Health Implications of Dirty Drinking Water

The human body contains 70% water, which is present within every single cell in the body. Water is an essential building block for all organisms. However, not everybody is fortunate enough to have access to clean water. Children in developing countries die due to either lack of access to water or drinking contaminated water. According to UNICEF, 760,000 children died in 2011 along from consuming contaminated water. And according to the World Health Organization and UNICEF, 768 million people live on unimproved water, a type of water containing high levels of pathogens and thus unsafe for drinking.

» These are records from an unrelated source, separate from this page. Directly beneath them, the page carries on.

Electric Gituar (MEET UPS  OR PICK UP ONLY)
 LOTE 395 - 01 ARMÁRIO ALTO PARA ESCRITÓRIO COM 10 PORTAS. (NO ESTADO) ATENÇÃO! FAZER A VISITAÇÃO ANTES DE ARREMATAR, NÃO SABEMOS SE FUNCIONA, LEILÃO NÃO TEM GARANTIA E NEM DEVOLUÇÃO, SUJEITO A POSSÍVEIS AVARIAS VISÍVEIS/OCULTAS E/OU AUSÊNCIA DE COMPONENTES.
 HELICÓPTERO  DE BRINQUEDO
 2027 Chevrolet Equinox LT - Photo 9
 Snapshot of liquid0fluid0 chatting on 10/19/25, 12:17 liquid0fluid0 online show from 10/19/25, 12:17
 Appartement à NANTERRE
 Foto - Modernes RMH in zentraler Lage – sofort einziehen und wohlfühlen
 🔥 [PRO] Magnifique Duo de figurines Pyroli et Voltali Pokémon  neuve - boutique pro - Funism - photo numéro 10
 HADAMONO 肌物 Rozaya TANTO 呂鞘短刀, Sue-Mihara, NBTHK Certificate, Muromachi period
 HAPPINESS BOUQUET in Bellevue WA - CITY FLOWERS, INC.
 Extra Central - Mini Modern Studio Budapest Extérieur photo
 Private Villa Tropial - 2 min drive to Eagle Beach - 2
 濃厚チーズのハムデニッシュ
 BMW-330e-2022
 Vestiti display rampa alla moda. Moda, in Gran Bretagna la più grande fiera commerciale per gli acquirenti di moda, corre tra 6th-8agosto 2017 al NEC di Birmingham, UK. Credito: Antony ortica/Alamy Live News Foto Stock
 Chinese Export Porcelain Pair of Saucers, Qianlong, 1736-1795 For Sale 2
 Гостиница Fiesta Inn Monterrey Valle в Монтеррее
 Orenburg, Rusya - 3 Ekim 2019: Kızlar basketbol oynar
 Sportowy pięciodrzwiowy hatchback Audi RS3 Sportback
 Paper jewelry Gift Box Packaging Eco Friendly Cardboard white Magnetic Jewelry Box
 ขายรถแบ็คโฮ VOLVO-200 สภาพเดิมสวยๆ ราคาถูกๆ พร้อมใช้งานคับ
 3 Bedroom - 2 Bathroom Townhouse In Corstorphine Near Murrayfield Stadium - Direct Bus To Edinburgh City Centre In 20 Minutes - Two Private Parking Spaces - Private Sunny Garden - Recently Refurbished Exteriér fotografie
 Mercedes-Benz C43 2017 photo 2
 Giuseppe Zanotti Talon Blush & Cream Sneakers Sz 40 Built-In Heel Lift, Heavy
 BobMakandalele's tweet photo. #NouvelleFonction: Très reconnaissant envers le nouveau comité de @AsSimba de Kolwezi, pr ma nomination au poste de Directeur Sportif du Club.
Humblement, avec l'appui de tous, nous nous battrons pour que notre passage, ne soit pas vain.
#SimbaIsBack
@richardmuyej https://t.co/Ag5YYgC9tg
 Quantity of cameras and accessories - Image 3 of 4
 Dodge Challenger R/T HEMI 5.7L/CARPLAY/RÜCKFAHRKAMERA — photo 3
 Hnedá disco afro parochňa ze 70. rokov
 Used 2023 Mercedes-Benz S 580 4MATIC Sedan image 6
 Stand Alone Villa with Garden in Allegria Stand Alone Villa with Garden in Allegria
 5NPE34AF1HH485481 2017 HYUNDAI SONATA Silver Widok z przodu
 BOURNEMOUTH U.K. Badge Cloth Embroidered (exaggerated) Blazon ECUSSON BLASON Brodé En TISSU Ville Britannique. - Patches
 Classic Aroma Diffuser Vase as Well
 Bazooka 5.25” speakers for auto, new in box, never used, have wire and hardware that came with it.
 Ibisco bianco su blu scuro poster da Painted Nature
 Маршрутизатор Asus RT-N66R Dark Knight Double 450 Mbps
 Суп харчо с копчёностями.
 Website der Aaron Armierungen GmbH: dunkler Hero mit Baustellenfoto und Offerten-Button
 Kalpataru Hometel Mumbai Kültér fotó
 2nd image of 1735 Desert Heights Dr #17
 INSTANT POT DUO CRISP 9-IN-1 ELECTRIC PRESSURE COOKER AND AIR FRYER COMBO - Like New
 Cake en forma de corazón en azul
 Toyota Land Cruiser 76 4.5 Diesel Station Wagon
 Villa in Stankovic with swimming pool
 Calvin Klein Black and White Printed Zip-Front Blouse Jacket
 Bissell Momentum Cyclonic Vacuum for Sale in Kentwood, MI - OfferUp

Risk factors in normal childhood include poor water, sanitation, and hygiene. A major health implication of drinking dirty water is contracting diarrheal diseases such as cholera and environmental enteropathy. Both chronic diarrhea and enteropathy cause stunted growth, both physical and mental, due to poor nutrition absorption, and therefore they are detrimental to young children. Environmental enteropathy leads to chronic anemia and growth failure in children. Therefore, children not just experience stunted growth and diarrhea but also face iron deficiency. Further, children drinking contaminated water are exposed to roundworm, hookworm, lymphatic filariasis, Hepatitis A, B, E and F, jaundice, and typhoid, some of which are lethal to children.

Some key solutions to this urgent problem include piped water, privatized water supply, and in-house water treatment, but these are difficult to achieve in developing countries, the countries that need such solutions the most. In this regard, there is an urgent need to come with cheap but effective solutions to keep children away from dirty drinking water.